Spaunton Quarry was started in 1928 and a 1930 agreement with the LNER provided a siding into Sinnington station facing eastwards. The siding was worked by the Pickering bound goods which would halt at Sinnington and reverse into the siding. The track was not maintained to a good standard and after a number of derailments, the siding was not used from February 1948.

The line had a small siding at Harome between Nunnington and Helmsley which was installed in 1880. Originally the local population campaigned for a station, but it was never built. The siding was of a short length (41 yd) which could fit five standard length wagons and was just one line with a junction facing towards Gilling. Whenever traffic was to be forwarded, the farmers in the area would need to contact Helmsley to allow the pick-up goods train to call at the siding.

The open moorland above Helmsley was ideal for the training of tank crews with the added benefit that Helmsley station had an end loading dock. Tank trains were generally weekly, though this would sometimes be as much as thrice weekly. Loading and unloading was performed at night, with soldiers standing on either side of the flat wagons onto which the tanks were being driven; they would smoke cigarettes so that the light given off would guide the tank drivers.

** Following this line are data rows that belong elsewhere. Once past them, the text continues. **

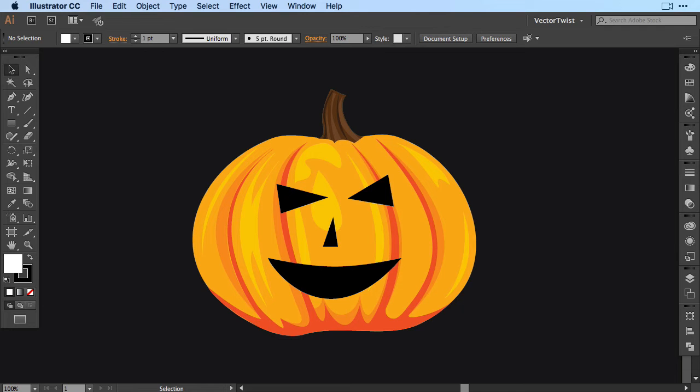Hi there, Simona from Vectortwist. Today in this tutorial I would like to show you how you can quickly create a Halloween pumpkin here in Adobe Illustrator.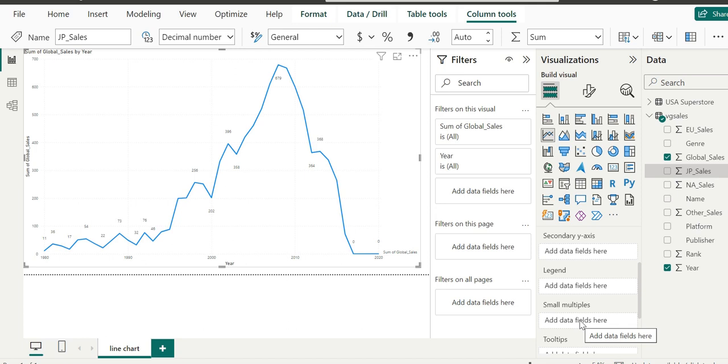We'll construct the line chart in multiple series in the coming demo ahead. This is all from my side in this demo. I've explained how to use the filtering pane in Power BI for different values. Thank you.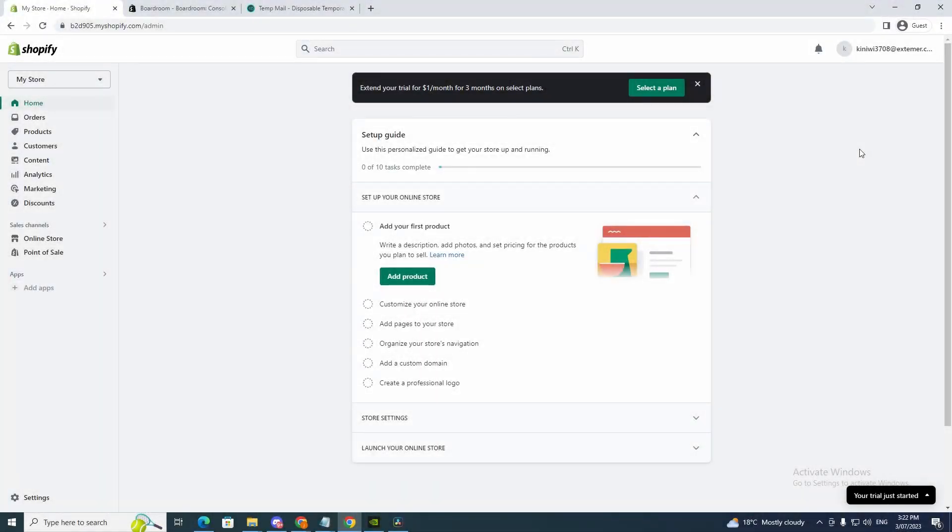Hey guys and welcome back to my YouTube channel. In today's video I will show you how to create multiple Shopify accounts on one account. So it's actually not hard at all.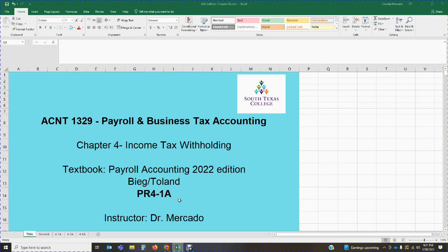We're also going to cover withholding of federal income taxes on supplementary wage payments, explain the purpose and use of Form W-2, identify major types of information returns, discuss the impact of state and local income taxes on the payroll accounting process, explain the purpose and use of Form W-4 from 2019 or earlier and the types of allowances that may be claimed by employees, and compute the amount of federal income tax to be withheld using the percentage method and wage bracket method for W-4 forms from 2019 or earlier.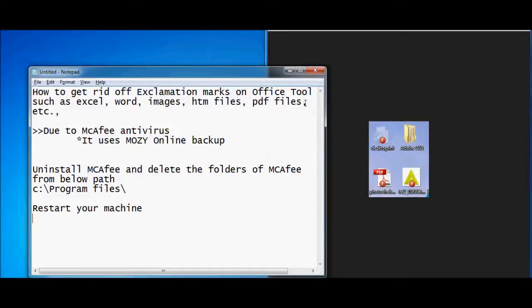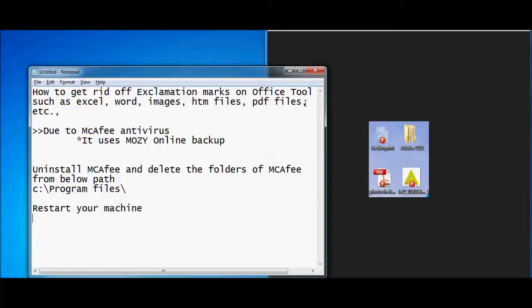Hello and welcome to Perennial Gateways. In today's tutorial, I'm going to show you how to get rid of exclamation marks which appear on office tools such as PDF files, Excel files, Word files, and images. It's quite awkward to see the red exclamation marks on all your files.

Nawton station was particularly busy for such a small station. It forwarded fruit to many destinations and was used to store sugar and was a trans-shipment point for the storage of barley at the former airfield at RAF Wombleton just south of the station. When RAF Wombleton airfield was being constructed, trains of slag would be run specially (from Teesside) into Nunnington station for onward transport to the airfield site. Thirteen trains ran between 7 June and 21 July 1943 with the LNER providing a shunting locomotive at Nunnington station. The slag was loaded onto lorries using the coal drops.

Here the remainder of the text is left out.